CASA's Office of Airspace Regulation (OAR) today published a published a report on a study of the airspace surrounding Mangalore Airport in Victoria.
Mangalore is one of the largest airports in the state and sits in a high traffic area that also includes several other CTAFs and sport and recreational aviation areas. In February 2020, it was the site of a fatal mid-air collision between two twin-engined aircraft that were using the airspace for training.
OAR's study found that the current airspace classification was appropriate for the area around Mangalore and made only two minor recommendations following the study.
"The study found that the airspace classification remains appropriate however recommendations have been made to enhance the safety of operations within the area, through education, amending aeronautical information and opportunities to enhance situational awareness for all pilots," the report concludes.
The two recommendations are that CASA conduct a safety seminar in the area and that ERSA requirements to add 1000 feet to published data for practice approaches needs to be clarified or removed.

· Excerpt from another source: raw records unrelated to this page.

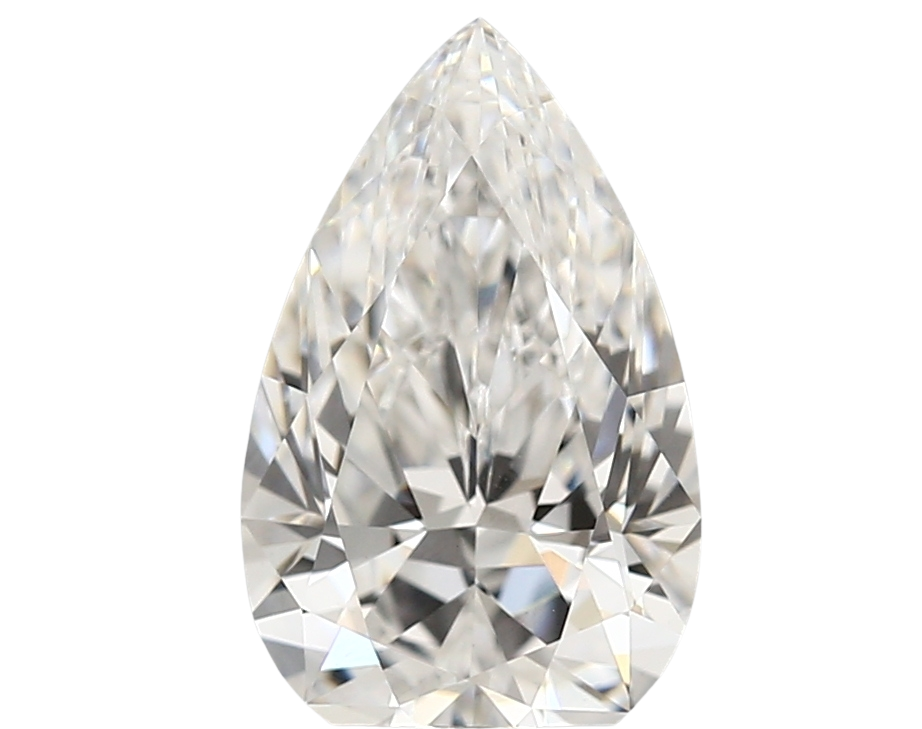 ank_lab_loosediamond_pear_01-84_vs1_d_4d64a03dc235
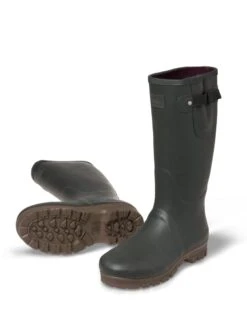 Men's Joules Farm And Garden Boots -Gardening Supplies 8597906 707 tif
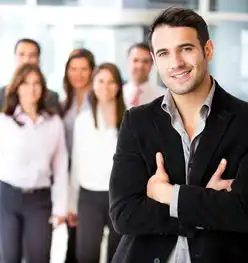 2019年国内专科生想申请英国留学有什么方式哪种方式更适合你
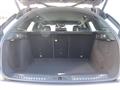 2017 Land Rover Range Rover Velar
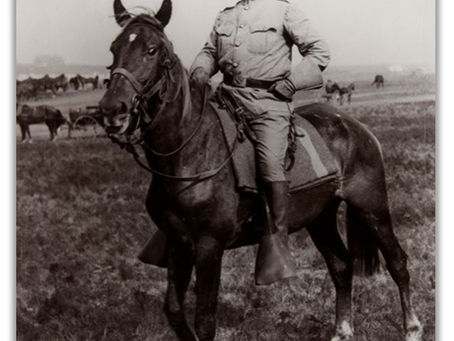 This Day in History: Battle of San Juan Heights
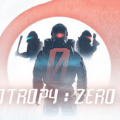 Entropy Zero游戏120.0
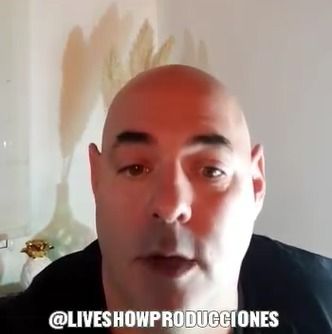 Live Show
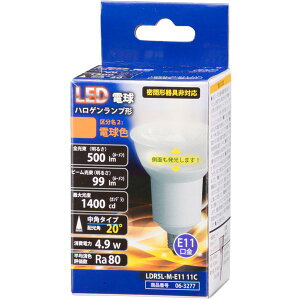 I[d@ LDR5L-M-E11 11C [LEDd nQv` p^Cv E11 dF]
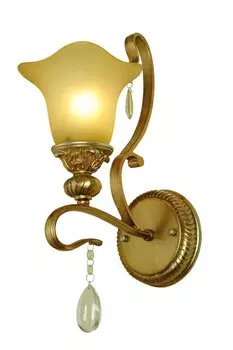Настенное бра ST Luce SL106.301.01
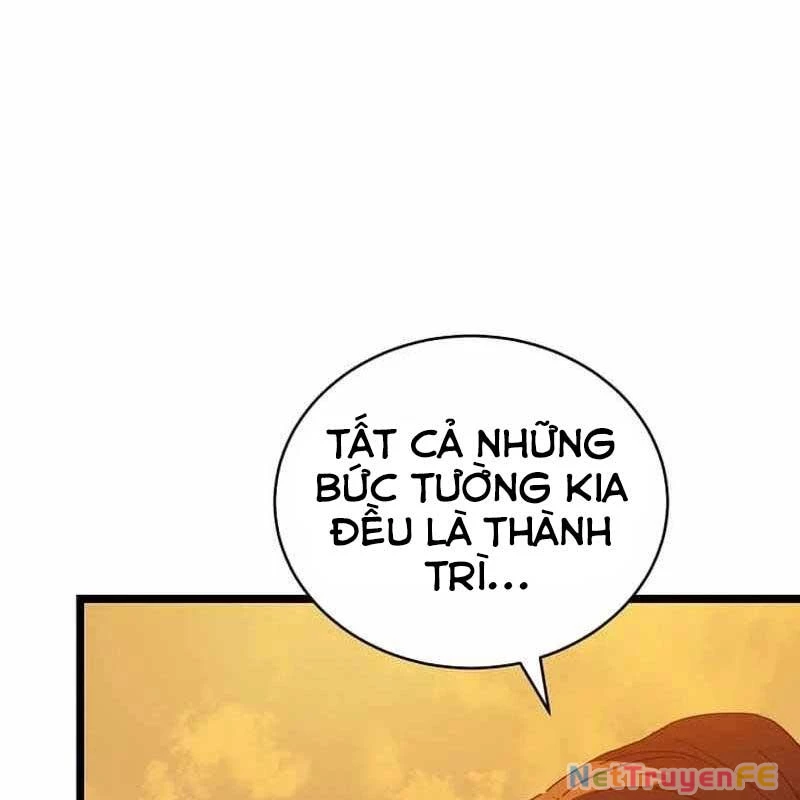 Ta Đoạt Bảo Ma Thần Chapter 31 - 187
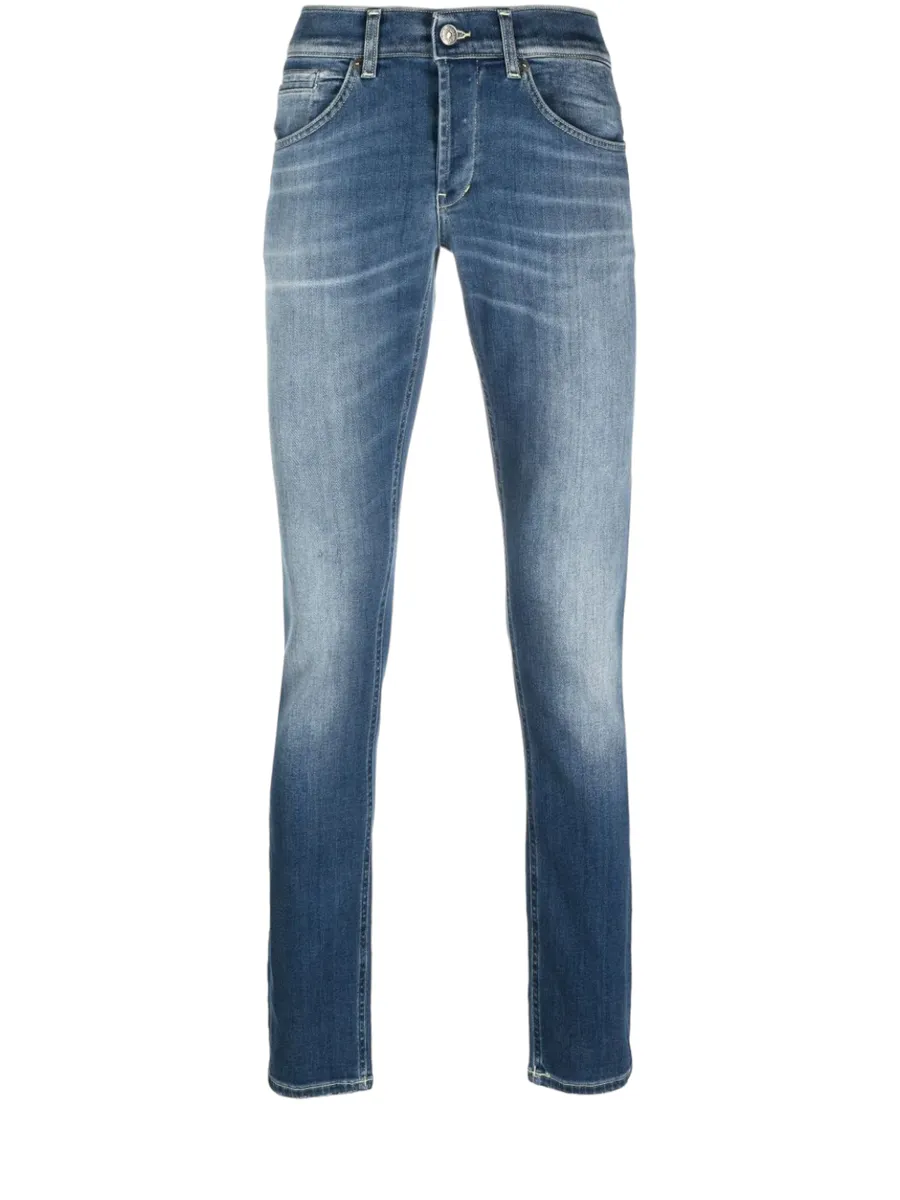 Jeans slim George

The OAR report also stated that documents such as the VNC and ERSA needed to be amended and updated to include more information about operations in the area.

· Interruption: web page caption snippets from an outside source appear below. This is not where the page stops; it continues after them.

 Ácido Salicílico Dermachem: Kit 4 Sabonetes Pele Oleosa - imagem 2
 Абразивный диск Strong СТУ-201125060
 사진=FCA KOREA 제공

OAR did not recommend a 20-nm Mandatory Broadcast Zone (MBZ) around Mangalore because "this will not address identified issues within the vicinity of a non-controlled aerodrome and will likely increase frequency congestion."

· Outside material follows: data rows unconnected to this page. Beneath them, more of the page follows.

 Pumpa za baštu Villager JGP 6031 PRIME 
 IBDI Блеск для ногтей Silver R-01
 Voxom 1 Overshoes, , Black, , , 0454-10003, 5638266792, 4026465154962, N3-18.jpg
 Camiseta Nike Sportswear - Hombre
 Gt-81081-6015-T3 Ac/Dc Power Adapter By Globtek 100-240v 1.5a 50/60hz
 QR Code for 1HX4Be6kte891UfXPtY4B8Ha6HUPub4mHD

As well as flight training, helicopter operations and private flying out of Mangalore, the CTAF also covers parachuting at Nagambie and Euroa, gliding and powered operations at Wahring and hang gliding at several locations.
The airport is home to one of very few VOR stations left in the state, which attracts training flights that have little or no options for conducting VOR work anywhere else.
Mangalore is also at a pinch-point for pilots flying into and out of the Melbourne basin avoiding the Puckapunyal restricted area to the west and the high ground to the east.
Feedback to the CASA Consultation Hub in September last year showed that 59% of respondents considered the existing Mangalore airspace is safe or mostly safe, with 21% having no opinion either way and 19% believing the airspace as unsafe or mostly unsafe.
Respondents nomination frequency congestion as having a negative impact on situational awareness, caused by the number of aircraft operating in the area, use of non-standard phraseology and users from non-English speaking backgrounds requiring additional or repeat transmissions.
Mangalore was to have a Surveillance Flight Information Service (SFIS) operating from September last year, but was never established. The CASA OAR report doesn't call for the mandatory broadcast area (MBA) proposed by Airservices Australia, which is needed for SFIS.
The full airspace study report is on the CASA Consultation Hub website, and is open for feedback until 11 August.